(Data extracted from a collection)
%%

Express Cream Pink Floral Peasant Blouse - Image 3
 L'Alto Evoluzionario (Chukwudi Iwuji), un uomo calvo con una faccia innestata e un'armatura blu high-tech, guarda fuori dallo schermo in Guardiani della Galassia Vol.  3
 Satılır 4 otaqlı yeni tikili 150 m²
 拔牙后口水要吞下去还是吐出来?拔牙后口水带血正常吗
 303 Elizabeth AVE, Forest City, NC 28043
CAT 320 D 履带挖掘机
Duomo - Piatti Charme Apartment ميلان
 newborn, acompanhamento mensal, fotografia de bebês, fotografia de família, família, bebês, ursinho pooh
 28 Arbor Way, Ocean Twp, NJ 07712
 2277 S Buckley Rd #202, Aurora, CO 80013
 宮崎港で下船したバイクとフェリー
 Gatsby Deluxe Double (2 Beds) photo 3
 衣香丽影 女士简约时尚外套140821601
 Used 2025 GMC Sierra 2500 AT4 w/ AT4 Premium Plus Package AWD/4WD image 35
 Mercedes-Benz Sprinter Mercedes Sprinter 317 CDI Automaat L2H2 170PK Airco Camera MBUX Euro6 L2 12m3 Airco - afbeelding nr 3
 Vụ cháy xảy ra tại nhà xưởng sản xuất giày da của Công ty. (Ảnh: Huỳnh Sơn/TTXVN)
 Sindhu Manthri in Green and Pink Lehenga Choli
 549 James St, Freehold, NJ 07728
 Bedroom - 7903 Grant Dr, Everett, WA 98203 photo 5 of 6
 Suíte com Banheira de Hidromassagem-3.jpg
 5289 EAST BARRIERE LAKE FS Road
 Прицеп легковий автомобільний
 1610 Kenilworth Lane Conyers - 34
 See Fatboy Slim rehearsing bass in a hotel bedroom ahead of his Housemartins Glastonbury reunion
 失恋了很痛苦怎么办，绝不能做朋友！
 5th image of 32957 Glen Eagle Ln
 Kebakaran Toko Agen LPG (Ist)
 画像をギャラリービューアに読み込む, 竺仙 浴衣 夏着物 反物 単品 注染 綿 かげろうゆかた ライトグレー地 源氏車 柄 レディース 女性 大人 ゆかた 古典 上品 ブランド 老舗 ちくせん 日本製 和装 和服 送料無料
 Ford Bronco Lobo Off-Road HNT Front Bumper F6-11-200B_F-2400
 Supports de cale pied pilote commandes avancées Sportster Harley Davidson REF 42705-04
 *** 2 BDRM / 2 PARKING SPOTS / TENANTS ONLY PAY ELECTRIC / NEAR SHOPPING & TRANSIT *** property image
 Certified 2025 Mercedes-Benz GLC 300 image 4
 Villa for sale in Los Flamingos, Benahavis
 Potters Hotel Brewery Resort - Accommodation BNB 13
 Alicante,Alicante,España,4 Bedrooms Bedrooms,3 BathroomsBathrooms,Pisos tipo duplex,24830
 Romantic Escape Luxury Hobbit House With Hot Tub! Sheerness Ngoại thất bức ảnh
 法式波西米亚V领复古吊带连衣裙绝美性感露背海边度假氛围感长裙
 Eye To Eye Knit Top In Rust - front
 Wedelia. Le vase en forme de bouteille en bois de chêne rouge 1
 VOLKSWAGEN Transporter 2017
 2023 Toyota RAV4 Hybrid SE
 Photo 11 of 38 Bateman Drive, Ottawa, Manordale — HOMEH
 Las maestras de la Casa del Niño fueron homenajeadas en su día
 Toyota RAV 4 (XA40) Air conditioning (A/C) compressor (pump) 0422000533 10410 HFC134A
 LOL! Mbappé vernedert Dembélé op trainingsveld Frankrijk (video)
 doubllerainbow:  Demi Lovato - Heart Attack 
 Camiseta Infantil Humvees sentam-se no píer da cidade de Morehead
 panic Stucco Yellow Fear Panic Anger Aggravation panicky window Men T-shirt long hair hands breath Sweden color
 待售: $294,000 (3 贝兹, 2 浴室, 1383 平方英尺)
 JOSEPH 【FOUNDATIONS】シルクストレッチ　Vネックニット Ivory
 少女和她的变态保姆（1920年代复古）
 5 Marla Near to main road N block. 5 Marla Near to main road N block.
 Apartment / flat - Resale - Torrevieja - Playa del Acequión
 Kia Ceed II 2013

%%

» Task objective:
Every line above is to be transcribed exactly, with nothing dropped.

» Task result:
Express Cream Pink Floral Peasant Blouse - Image 3
 L'Alto Evoluzionario (Chukwudi Iwuji), un uomo calvo con una faccia innestata e un'armatura blu high-tech, guarda fuori dallo schermo in Guardiani della Galassia Vol.  3
 Satılır 4 otaqlı yeni tikili 150 m²
 拔牙后口水要吞下去还是吐出来?拔牙后口水带血正常吗
 303 Elizabeth AVE, Forest City, NC 28043
CAT 320 D 履带挖掘机
Duomo - Piatti Charme Apartment ميلان
 newborn, acompanhamento mensal, fotografia de bebês, fotografia de família, família, bebês, ursinho pooh
 28 Arbor Way, Ocean Twp, NJ 07712
 2277 S Buckley Rd #202, Aurora, CO 80013
 宮崎港で下船したバイクとフェリー
 Gatsby Deluxe Double (2 Beds) photo 3
 衣香丽影 女士简约时尚外套140821601
 Used 2025 GMC Sierra 2500 AT4 w/ AT4 Premium Plus Package AWD/4WD image 35
 Mercedes-Benz Sprinter Mercedes Sprinter 317 CDI Automaat L2H2 170PK Airco Camera MBUX Euro6 L2 12m3 Airco - afbeelding nr 3
 Vụ cháy xảy ra tại nhà xưởng sản xuất giày da của Công ty. (Ảnh: Huỳnh Sơn/TTXVN)
 Sindhu Manthri in Green and Pink Lehenga Choli
 549 James St, Freehold, NJ 07728
 Bedroom - 7903 Grant Dr, Everett, WA 98203 photo 5 of 6
 Suíte com Banheira de Hidromassagem-3.jpg
 5289 EAST BARRIERE LAKE FS Road
 Прицеп легковий автомобільний
 1610 Kenilworth Lane Conyers - 34
 See Fatboy Slim rehearsing bass in a hotel bedroom ahead of his Housemartins Glastonbury reunion
 失恋了很痛苦怎么办，绝不能做朋友！
 5th image of 32957 Glen Eagle Ln
 Kebakaran Toko Agen LPG (Ist)
 画像をギャラリービューアに読み込む, 竺仙 浴衣 夏着物 反物 単品 注染 綿 かげろうゆかた ライトグレー地 源氏車 柄 レディース 女性 大人 ゆかた 古典 上品 ブランド 老舗 ちくせん 日本製 和装 和服 送料無料
 Ford Bronco Lobo Off-Road HNT Front Bumper F6-11-200B_F-2400
 Supports de cale pied pilote commandes avancées Sportster Harley Davidson REF 42705-04
 *** 2 BDRM / 2 PARKING SPOTS / TENANTS ONLY PAY ELECTRIC / NEAR SHOPPING & TRANSIT *** property image
 Certified 2025 Mercedes-Benz GLC 300 image 4
 Villa for sale in Los Flamingos, Benahavis
 Potters Hotel Brewery Resort - Accommodation BNB 13
 Alicante,Alicante,España,4 Bedrooms Bedrooms,3 BathroomsBathrooms,Pisos tipo duplex,24830
 Romantic Escape Luxury Hobbit House With Hot Tub! Sheerness Ngoại thất bức ảnh
 法式波西米亚V领复古吊带连衣裙绝美性感露背海边度假氛围感长裙
 Eye To Eye Knit Top In Rust - front
 Wedelia. Le vase en forme de bouteille en bois de chêne rouge 1
 VOLKSWAGEN Transporter 2017
 2023 Toyota RAV4 Hybrid SE
 Photo 11 of 38 Bateman Drive, Ottawa, Manordale — HOMEH
 Las maestras de la Casa del Niño fueron homenajeadas en su día
 Toyota RAV 4 (XA40) Air conditioning (A/C) compressor (pump) 0422000533 10410 HFC134A
 LOL! Mbappé vernedert Dembélé op trainingsveld Frankrijk (video)
 doubllerainbow:  Demi Lovato - Heart Attack 
 Camiseta Infantil Humvees sentam-se no píer da cidade de Morehead
 panic Stucco Yellow Fear Panic Anger Aggravation panicky window Men T-shirt long hair hands breath Sweden color
 待售: $294,000 (3 贝兹, 2 浴室, 1383 平方英尺)
 JOSEPH 【FOUNDATIONS】シルクストレッチ　Vネックニット Ivory
 少女和她的变态保姆（1920年代复古）
 5 Marla Near to main road N block. 5 Marla Near to main road N block.
 Apartment / flat - Resale - Torrevieja - Playa del Acequión
 Kia Ceed II 2013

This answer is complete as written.